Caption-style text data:

((

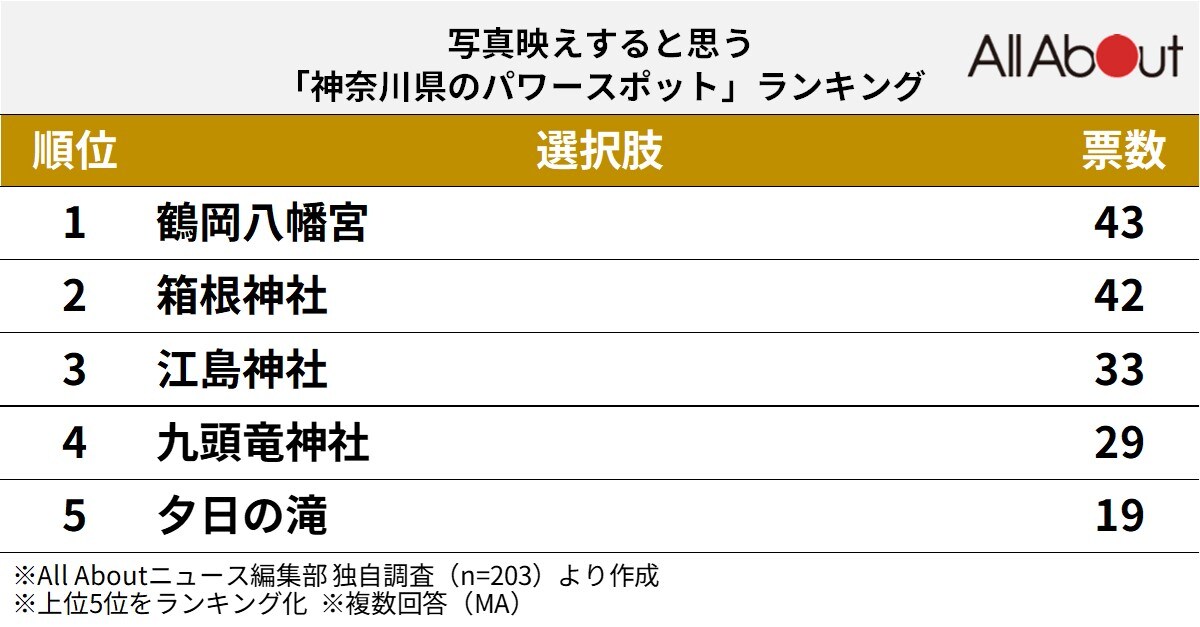 写真映えすると思う「東京都内のパワースポット」ランキング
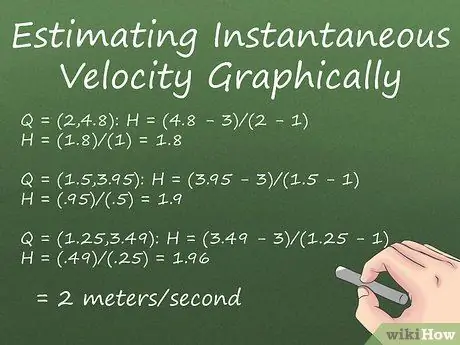 Kalkulahin ang Instantaneous Velocity Hakbang 9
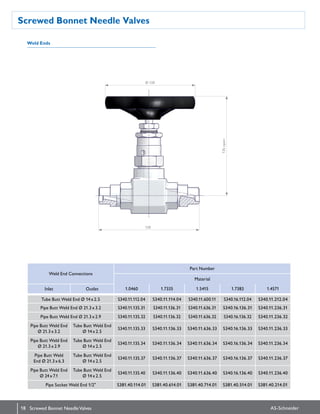 18 AS-Schneider
Screwed Bonnet Needle Valves
Screwed Bonnet NeedleValves
Weld Ends
Weld End Connections
Part Number
Material
Inlet Outlet 1.0460 1.7335 1.5415 1.7383 1.4571
Tube Butt Weld End Ø 14 x 2.5 S340.11.112.04 S340.11.114.04 S340.11.600.11 S340.16.112.04 S340.11.212.04
Pipe Butt Weld End Ø 21.3 x 3.2 S340.11.135.31 S340.11.136.31 S340.11.636.31 S340.16.136.31 S340.11.236.31
Pipe Butt Weld End Ø 21.3 x 2.9 S340.11.135.32 S340.11.136.32 S340.11.636.32 S340.16.136.32 S340.11.236.32
Pipe Butt Weld End
Ø 21.3 x 3.2
Tube Butt Weld End
Ø 14 x 2.5
S340.11.135.33 S340.11.136.33 S340.11.636.33 S340.16.136.33 S340.11.236.33
Pipe Butt Weld End
Ø 21.3 x 2.9
Tube Butt Weld End
Ø 14 x 2.5
S340.11.135.34 S340.11.136.34 S340.11.636.34 S340.16.136.34 S340.11.236.34
Pipe Butt Weld
End Ø 21.3 x 6.3
Tube Butt Weld End
Ø 14 x 2.5
S340.11.135.37 S340.11.136.37 S340.11.636.37 S340.16.136.37 S340.11.236.37
Pipe Butt Weld End
Ø 24 x 7.1
Tube Butt Weld End
Ø 14 x 2.5
S340.11.135.40 S340.11.136.40 S340.11.636.40 S340.16.136.40 S340.11.236.40
Pipe Socket Weld End 1/2 S381.40.114.01 S381.40.614.01 S381.40.714.01 S381.40.514.01 S381.40.214.01
Ø 120
135open
130
 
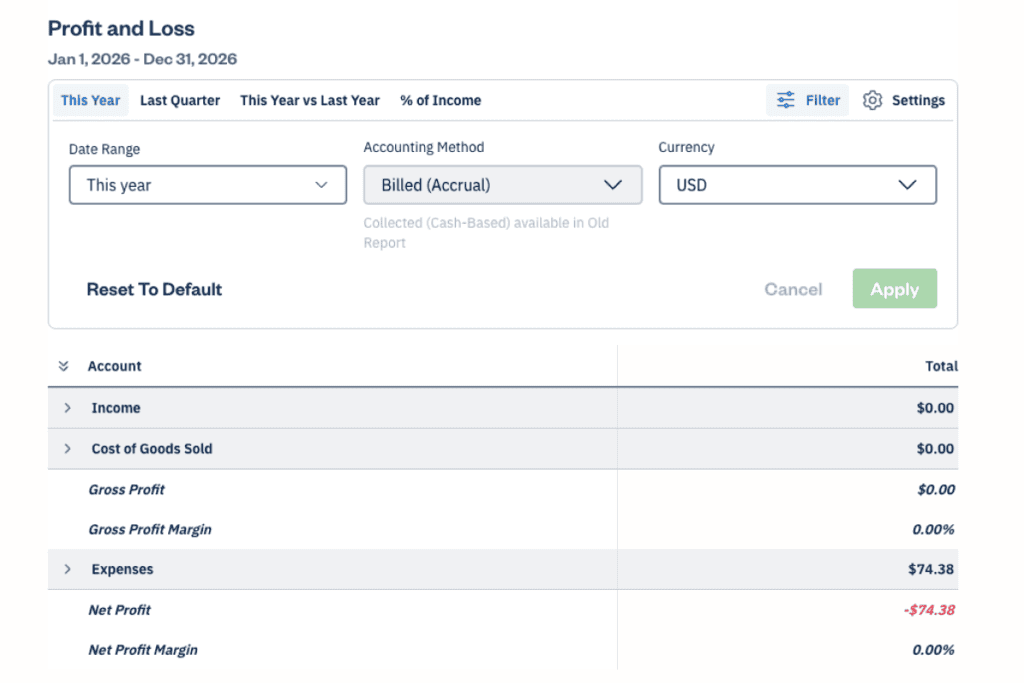 FreshBooks Profit and Loss filtered to US dollars, showing a 74.38 dollar expense missing from the euro view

))

= TASK ITEM =
The required output is each line of the entries that contains the word "Pipe".

= RESPONSE AREA =
Pipe Butt Weld End Ø 21.3 x 3.2 S340.11.135.31 S340.11.136.31 S340.11.636.31 S340.16.136.31 S340.11.236.31
Pipe Butt Weld End Ø 21.3 x 2.9 S340.11.135.32 S340.11.136.32 S340.11.636.32 S340.16.136.32 S340.11.236.32
Pipe Butt Weld End
Pipe Butt Weld End
Pipe Butt Weld
Pipe Butt Weld End
Pipe Socket Weld End 1/2 S381.40.114.01 S381.40.614.01 S381.40.714.01 S381.40.514.01 S381.40.214.01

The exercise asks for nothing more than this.